Goose stressed that "Brazil should recognize that cluster munitions are prohibited weapons that should never be manufactured, transferred, or used because of the harm inflicted on civilians." The rights watchdog urged all parties to the conflict to join the Convention on Cluster Munitions, aimed at eradicating the use of cluster munitions.

Yemen's war between the Aden-based regime of fugitive President Abd Rabbu Mansour Hadi and the Houthi Ansarullah movement backed by army units loyal to former President Ali Abdullah Saleh erupted in March 2015. The same month, the Saudi-led coalition of Arab countries started carrying out airstrikes against the Houthis at Hadi's request.

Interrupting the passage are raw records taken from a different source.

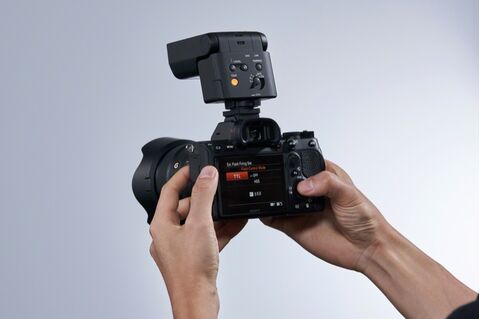 Sony HVL-F28RM Flashgun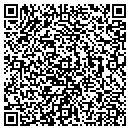 QR code with Aurusyu Corp contacts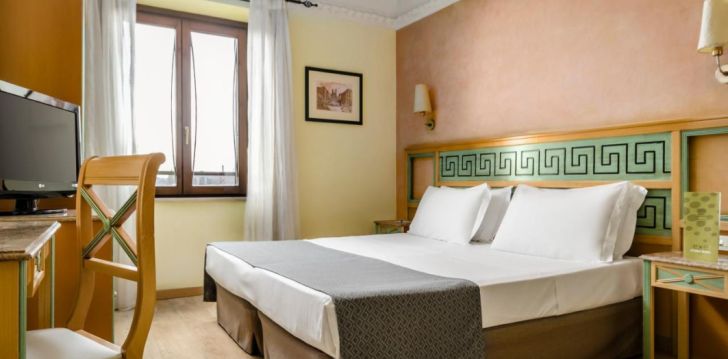 EXE DOMUS AUREA - klientų vertinamas, kaip geras kainos ir kokybės santykis.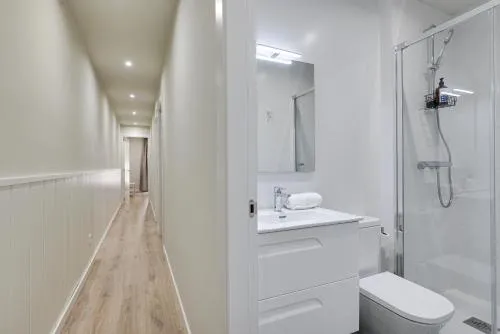 LucasLand Apartments Barcelona photo 94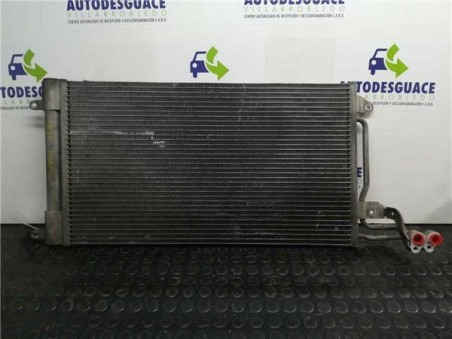 Radiador Aire Acondicionado Seat Ibiza Berlina  1 2 TDI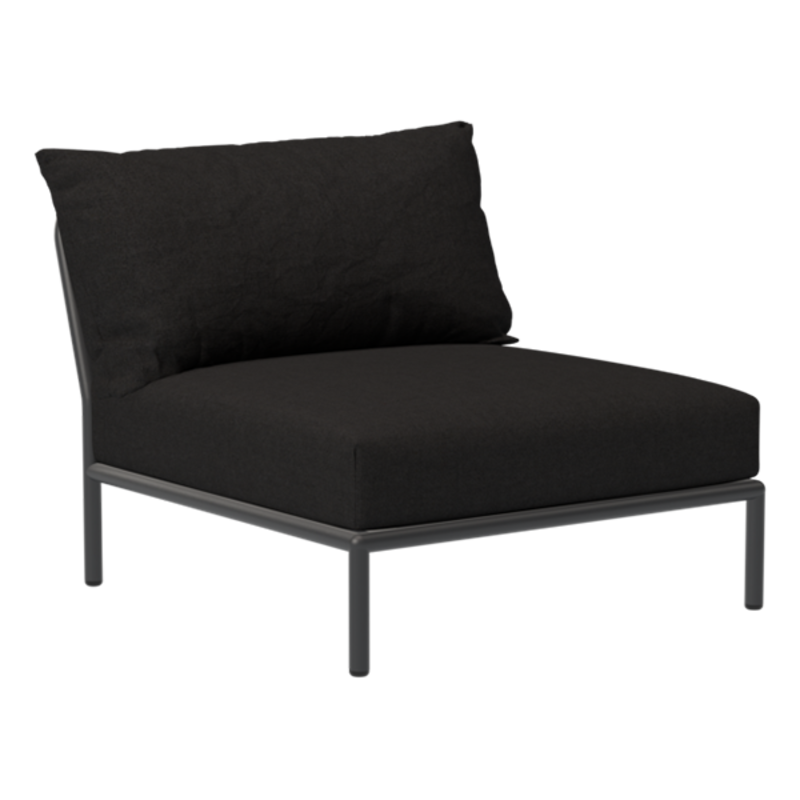 Houe-collectie LEVEL 2 Chair Char
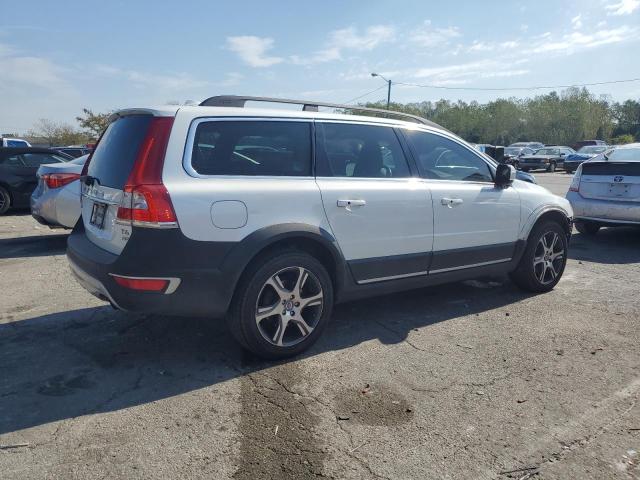 Photo 3 from auction – 2014 VOLVO XC70 T6 with VIN YV4902BZ4E1178359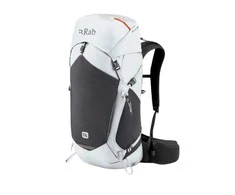 Kuprinė Rab Protium 35 - M/L - Pilka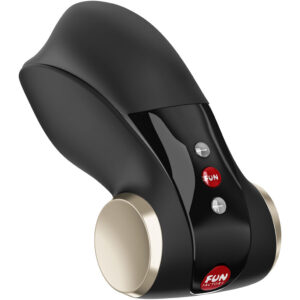 Fun Factory-Cobra Libre Ii Vibrator Masturbator Negru-Silicon 8 Fun Factory-Cobra Libre Ii Vibrator Masturbator Negru-Silicon - imagine 2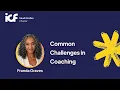 PT 2026 Common Challenges in Coaching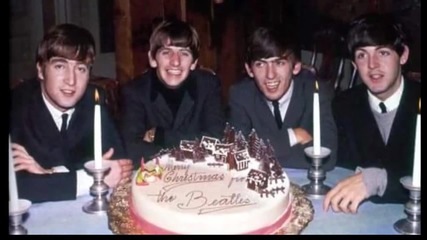 John Lennon - Happy Christmas War Is Over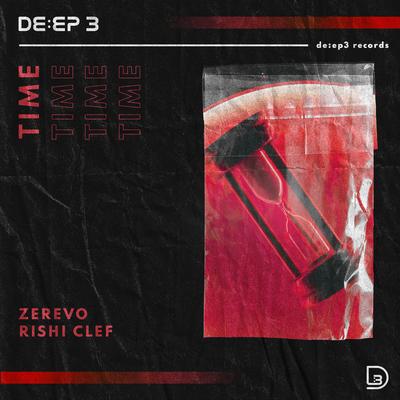 Time By Zerevo, Rishi Clef's cover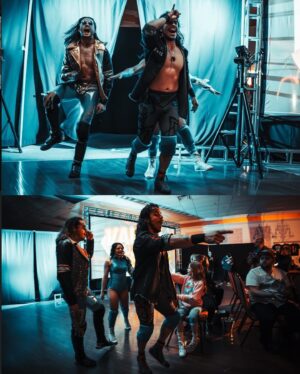 Alexia Nicole Instagram - @destinyworldwrestling : @fuerzalives @vaughnvertigo @alexxiaanicole  @mandrewsjunior @daniluna_pro  @flashmorganwebster 

📸: @denos07 

#prowrestling #indiwrestling #destinywrestling #wrestling #wwe #aew #tna #sport #wrestlingphotography #photography #sportphotography #fight #fights #wrestlinglife #wrestlingfan #wrestlingteam #wrestlingislife #ontariowrestling #wrestlingart #girls #girlsfight #girlswrestling #toronto #canada #canadawrestling #wrestlemania #wrestlingcanada #wrestlingmemes #wrestler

Human Rights Watch and Amnesty International have since documented numerous uses of cluster munitions, manufactured by the United Kingdom, the United States and Brazil. HRW has documented a total of 17 such attacks in Yemen since March 2015, which have killed at least 21 civilians, and wounded 72 more. The coalition has acknowledged their use, and in December announced it was ceasing its use of UK-manufactured cluster munitions.

Since 2008, the Convention on Cluster Munitions signed by 119 countries prohibits cluster munitions. The United States, Yemen, Brazil, and Saudi Arabia were not among the signatories.

According to the official data, the conflict in Yemen has claimed the lives of some 4,600 civilians, leaving over 8,000 civilians injured.